This is the final project in the Udacity data engineering course. I ran into some time constraints but at the end I decided to finish the project by collecting and generating my own dataset using the yahoo financials API.
The dataset is a collection of stock ticker information of all S&P 500 companies stored in dimentional tables where ETL is used to create fact tables with several trading indicators.
The project turned out as a great learning experience where I gained some basic knowledge in the world of using algorithms in financial mathematical trading.
disclaimer: the data sets and algorithms are not tested and the results cannot be used in any way possible. The project is a pure learning experience which provided lots of fun.

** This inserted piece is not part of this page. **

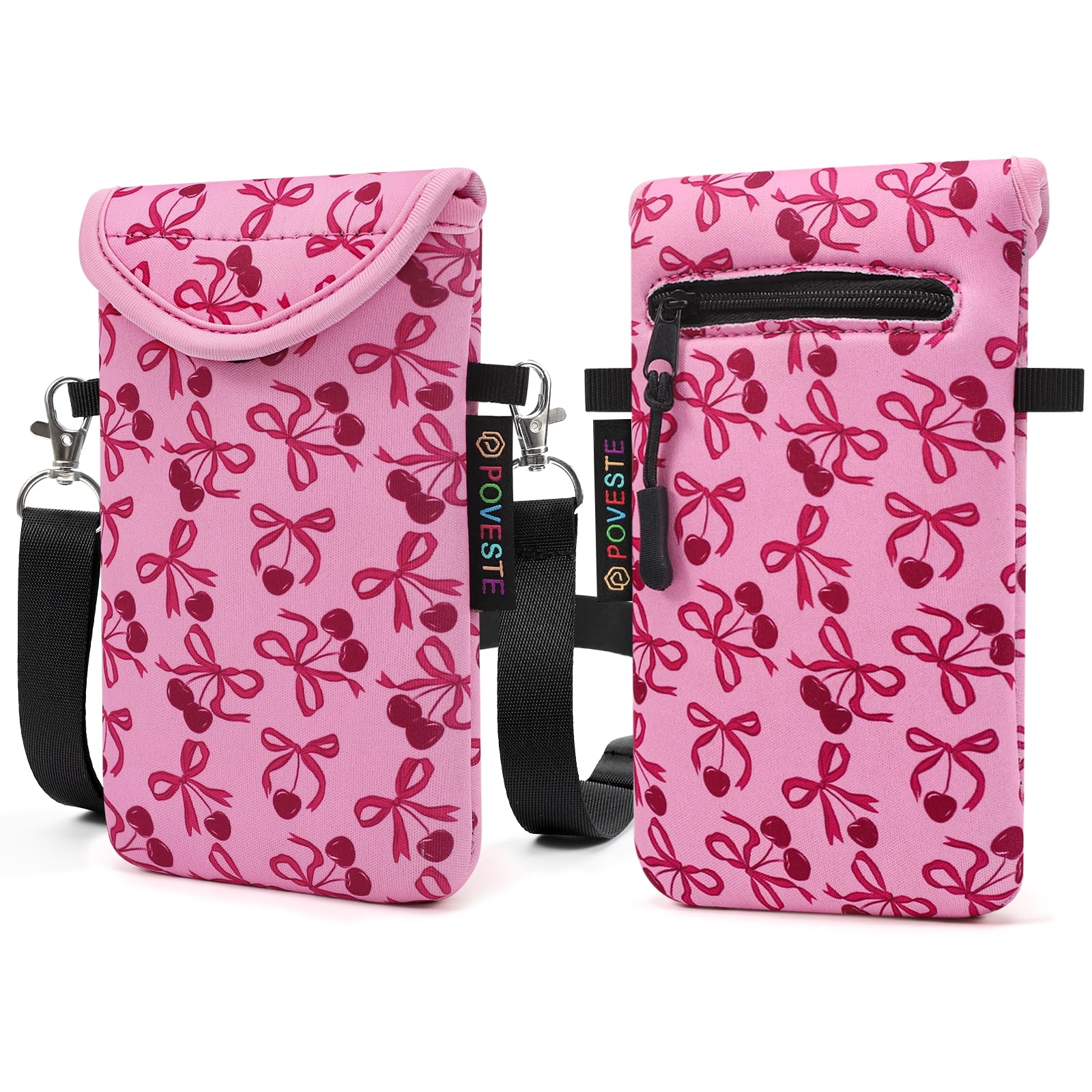 Flap Closure Secure Cell Phone Bag with Card Pocket for iPhone &amp; Samsung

The project is developed using jupyter notebooks and python files. As the backend, redshift on AWS is used. The initial dataset is installed locally and additionally on a S3 bucket. Initially I used a virtual machine with Annaconda installed, but during the development I started exploring and using AWS SageMaker. SageMaker is an excellent environment and it doesn't require any configuration. SageMaker can simply be started from within your AWS account. In case you prefer to use jupyter notebook locally just download the repository and run jupyter notebook
from a terminal.
- The ticker data used in this project are provided by yahoo, using pandas-datareader
- The company information is scrapped from wikipedia
- All this data is converted in CSV and JSON files and further used to load the database on redshift
The datamodel is rather simple, but can be extended easily. The datamodel isn't very conventional with lots of PK, FK and relationships to query. The entire result can be restrieved from querying one of the fact tables For this project I have two dimensional tables and three fact tables.
sp5oo_companies, and sp500_tickers. Both tables are loaded by using CSV files. The same can be done from JSON files. The datasets in CSV and JSON are generated using pandas datareader where ticker data is retrieved from yahoo. Each CSV is holding ticker data for one company since 2000. That means that we have 505 CSV and also JSON files stored in a S3 bucket that generates over 2 million records in the tickers table.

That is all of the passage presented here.